Реставраторские тенденции в риторике II–III веков были еще более подготовлены предшествующим развитием, чем в философии. Почвой для них был аттицизм – стремление вернуться к языку классиков, минуя язык эллинистических писателей. Мы видели зарождение этого направления в I веке до н. э. и победу его в I веке н. э. Но тогда крайности его были смягчены и понятие «подражание классикам» понималось достаточно широко. Теперь, когда уход в древность стал знамением времени, это понятие сузилось до его буквального значения. Идеалом красноречия было объявлено точное воспроизведение аттического диалекта древних классиков, т. е. языка 600-летней давности. Все слова, вошедшие в язык позднее, изгонялись из употребления в речах. Противоестественность такого языкового консерватизма очевидна; и все же аттицизм восторжествовал в литературе, по крайней мере в «высокой» литературе. Были мастера, которые даже импровизировали по-аттически. Отдельные виртуозы достигали такого совершенства, что их сочинения долго принимались за подлинные произведения V века до н. э.; но большинство писателей довольствовались более отдаленным подражанием, оставлявшим больше места собственному вкусу. Играл роль также и выбор образца: одни предпочитали воспроизводить манеру Исократа, другие – манеру Демосфена; были такие, которые по желанию подражали то одному, то другому; были такие, которые при этом даже выходили за пределы аттического круга образцов и подражали, например, ионийской прозе Геродота (Арриан в «Индии», Лукиан в «Сирийской богине»). Это прощалось, потому что главное требование времени, реставрация старины, оставалось удовлетворенным.

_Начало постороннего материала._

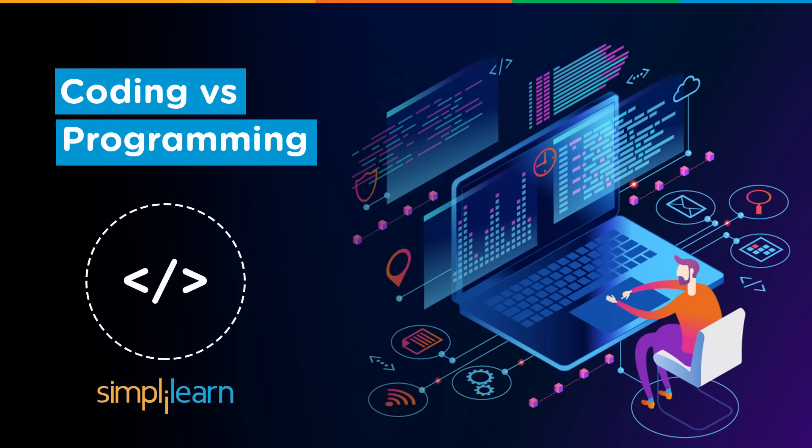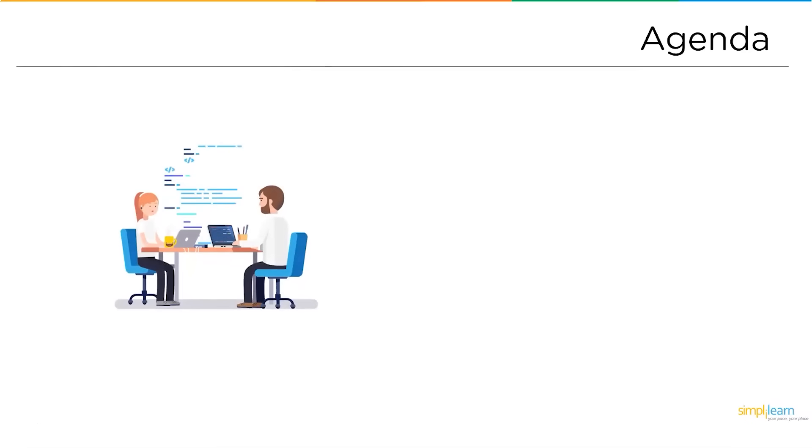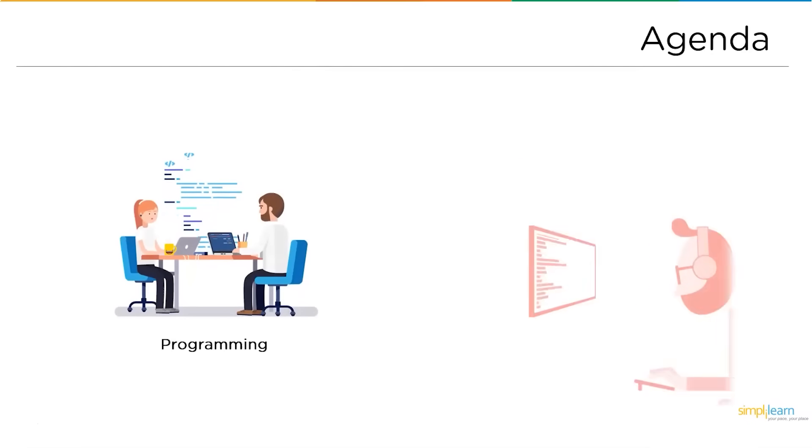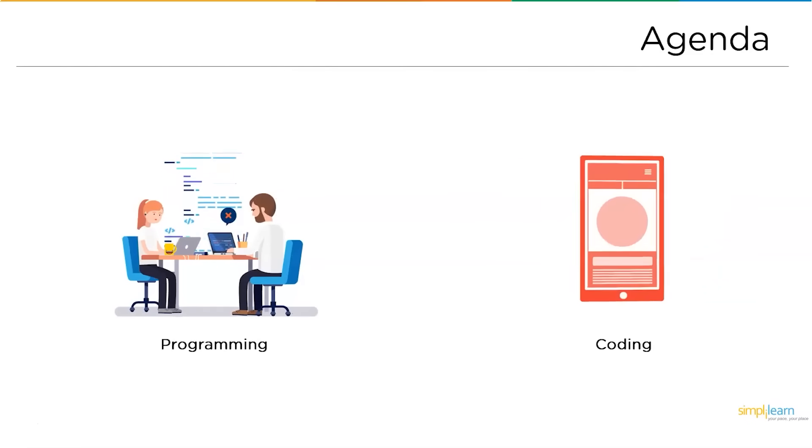Now, without further ado, let's get started with the agenda for today's discussion. We have one point agenda today: programming versus coding.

Разумеется, искусственное возрождение диалекта 600-летней давности могло быть достигнуто только долгой кабинетной работой. Культура II века н. э. – исключительно книжная культура. Старинные сочинения перерываются в поисках вышедших из употребления слов, и найденные слова к месту и не к месту вклеиваются в сочиняемые речи. О каждом слове должно быть известно, когда и где оно впервые употреблено в литературе. Один из собеседников в «Пире мудрецов» Афинея даже имел прозвище «Есть-или-нет» за то, что он не мог съесть куска за столом, не проверив, упоминается или нет название этой еды у аттических авторов. Составляются огромные словари аттического диалекта: одни – со стилистическими пояснениями, как словарь Фриниха, другие – с реальными, как словарь Полидевка. Собираются грамматические наблюдения: впервые в сферу внимания грамматиков попадает синтаксис (Аполлоний Дискол, II век). Все это могло бы навести на мысль об историческом развитии языка и сделать подражание древним более осмысленным. Но этого не случилось: стареющая античная культура в своем обожествлении древности уже не могла отойти от нормативного подхода, и столь тщательно отмечаемые особенности аттического диалекта оставались предметом не изучения, а подражания.